Well no, there are two "real exchange rates" \- how many X people will offer
you for one Y, and how many Y people will offer you for one X. The mid-market
rate is a fiction derived from these at which no one is transacting.

------
lupinglade
What's new here? Did anyone not know that banks make money on currency
exchange? The wire transfer is free, but the currency transaction is not. The
two are combined in a process like this but are actually handled independently
by the bank.

------
krixie333
The rapacious forces of bad banking is an issue tiptoed around by the
compliant and blissfully ignorant masses.

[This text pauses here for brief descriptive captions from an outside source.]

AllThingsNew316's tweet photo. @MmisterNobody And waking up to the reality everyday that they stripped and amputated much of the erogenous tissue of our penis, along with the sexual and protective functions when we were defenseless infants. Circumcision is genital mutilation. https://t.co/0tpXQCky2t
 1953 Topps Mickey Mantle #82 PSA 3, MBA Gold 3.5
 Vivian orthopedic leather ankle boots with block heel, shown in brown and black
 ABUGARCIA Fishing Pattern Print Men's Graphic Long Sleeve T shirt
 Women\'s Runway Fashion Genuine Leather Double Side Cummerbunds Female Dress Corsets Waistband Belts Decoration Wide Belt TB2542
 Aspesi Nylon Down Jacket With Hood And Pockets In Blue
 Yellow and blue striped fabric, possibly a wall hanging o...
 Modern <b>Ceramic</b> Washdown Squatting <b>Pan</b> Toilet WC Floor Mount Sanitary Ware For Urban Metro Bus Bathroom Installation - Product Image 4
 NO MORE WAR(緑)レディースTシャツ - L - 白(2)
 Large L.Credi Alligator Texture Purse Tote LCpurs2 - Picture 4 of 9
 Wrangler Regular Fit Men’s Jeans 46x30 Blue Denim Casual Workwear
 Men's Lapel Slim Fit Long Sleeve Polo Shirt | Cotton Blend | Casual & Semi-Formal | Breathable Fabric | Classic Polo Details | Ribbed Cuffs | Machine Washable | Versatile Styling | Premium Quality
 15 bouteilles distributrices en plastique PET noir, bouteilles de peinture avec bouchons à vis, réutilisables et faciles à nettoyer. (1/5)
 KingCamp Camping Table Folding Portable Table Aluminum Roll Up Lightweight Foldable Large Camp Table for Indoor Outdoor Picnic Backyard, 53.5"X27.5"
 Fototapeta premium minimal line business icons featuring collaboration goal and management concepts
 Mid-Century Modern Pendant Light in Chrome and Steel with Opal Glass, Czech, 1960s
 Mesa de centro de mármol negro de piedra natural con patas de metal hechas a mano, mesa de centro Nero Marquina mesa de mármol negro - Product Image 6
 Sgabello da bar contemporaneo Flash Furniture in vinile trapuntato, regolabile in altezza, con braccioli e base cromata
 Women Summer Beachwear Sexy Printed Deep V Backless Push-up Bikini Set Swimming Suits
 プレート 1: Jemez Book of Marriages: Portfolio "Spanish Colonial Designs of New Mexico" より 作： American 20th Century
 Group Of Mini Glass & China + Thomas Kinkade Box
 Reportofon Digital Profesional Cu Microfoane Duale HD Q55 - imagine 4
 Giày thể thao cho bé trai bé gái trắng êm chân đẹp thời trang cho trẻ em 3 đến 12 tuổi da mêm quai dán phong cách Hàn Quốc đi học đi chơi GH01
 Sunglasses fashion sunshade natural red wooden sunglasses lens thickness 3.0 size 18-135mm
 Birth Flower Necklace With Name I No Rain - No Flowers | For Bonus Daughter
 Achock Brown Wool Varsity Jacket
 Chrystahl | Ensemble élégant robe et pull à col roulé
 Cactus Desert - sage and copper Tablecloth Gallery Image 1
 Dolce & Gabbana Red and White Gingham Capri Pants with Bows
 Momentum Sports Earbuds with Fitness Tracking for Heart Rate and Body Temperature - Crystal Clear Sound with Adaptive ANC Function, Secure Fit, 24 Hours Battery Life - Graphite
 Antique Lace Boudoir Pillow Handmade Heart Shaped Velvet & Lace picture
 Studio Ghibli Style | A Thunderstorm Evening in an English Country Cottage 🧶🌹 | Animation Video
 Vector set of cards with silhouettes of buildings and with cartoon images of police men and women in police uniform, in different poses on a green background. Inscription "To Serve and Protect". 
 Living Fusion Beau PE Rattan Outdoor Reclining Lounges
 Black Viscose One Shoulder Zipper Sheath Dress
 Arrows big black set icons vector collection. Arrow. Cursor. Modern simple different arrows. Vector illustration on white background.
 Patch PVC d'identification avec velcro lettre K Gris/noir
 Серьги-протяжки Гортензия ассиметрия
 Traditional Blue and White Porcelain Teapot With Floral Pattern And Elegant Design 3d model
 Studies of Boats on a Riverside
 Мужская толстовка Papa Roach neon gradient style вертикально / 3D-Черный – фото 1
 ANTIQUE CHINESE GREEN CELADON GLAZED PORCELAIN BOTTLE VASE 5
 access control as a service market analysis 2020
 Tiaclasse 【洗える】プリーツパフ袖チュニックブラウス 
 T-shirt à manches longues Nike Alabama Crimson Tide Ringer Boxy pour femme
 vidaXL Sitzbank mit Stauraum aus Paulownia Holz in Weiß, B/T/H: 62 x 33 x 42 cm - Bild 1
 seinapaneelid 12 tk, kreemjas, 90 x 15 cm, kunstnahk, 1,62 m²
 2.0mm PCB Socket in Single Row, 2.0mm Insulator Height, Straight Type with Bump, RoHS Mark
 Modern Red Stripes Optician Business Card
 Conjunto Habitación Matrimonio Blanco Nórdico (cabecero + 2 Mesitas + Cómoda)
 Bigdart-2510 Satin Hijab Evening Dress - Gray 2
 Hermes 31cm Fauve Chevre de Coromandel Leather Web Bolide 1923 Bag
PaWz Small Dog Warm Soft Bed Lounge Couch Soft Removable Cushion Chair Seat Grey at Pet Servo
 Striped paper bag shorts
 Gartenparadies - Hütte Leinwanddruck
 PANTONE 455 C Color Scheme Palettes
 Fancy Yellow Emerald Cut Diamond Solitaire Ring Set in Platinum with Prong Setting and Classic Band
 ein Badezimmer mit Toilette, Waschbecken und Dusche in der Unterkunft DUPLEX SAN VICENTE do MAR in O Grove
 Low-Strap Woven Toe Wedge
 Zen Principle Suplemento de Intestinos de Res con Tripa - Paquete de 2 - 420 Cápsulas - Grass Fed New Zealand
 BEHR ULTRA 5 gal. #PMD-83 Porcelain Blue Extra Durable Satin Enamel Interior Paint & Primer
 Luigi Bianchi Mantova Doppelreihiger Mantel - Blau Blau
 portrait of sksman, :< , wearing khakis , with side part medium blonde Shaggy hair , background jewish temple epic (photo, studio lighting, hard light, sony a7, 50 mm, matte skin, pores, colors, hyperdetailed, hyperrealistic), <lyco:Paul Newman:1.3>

I applaud any attempt to make a
stand and expose this scandalous behaviour, however risky it may be.

------
Mithaldu
As funny as it is to see this kind of thing online and spread as common
knowledge, i'd much rather see someone take a legal stand and take banks to
court on charges of fraud.

------
arethuza
Isn't this exactly the same as "commission free" foreign currency exchanges -
you don't pay a explicit commission but you get a worse rate?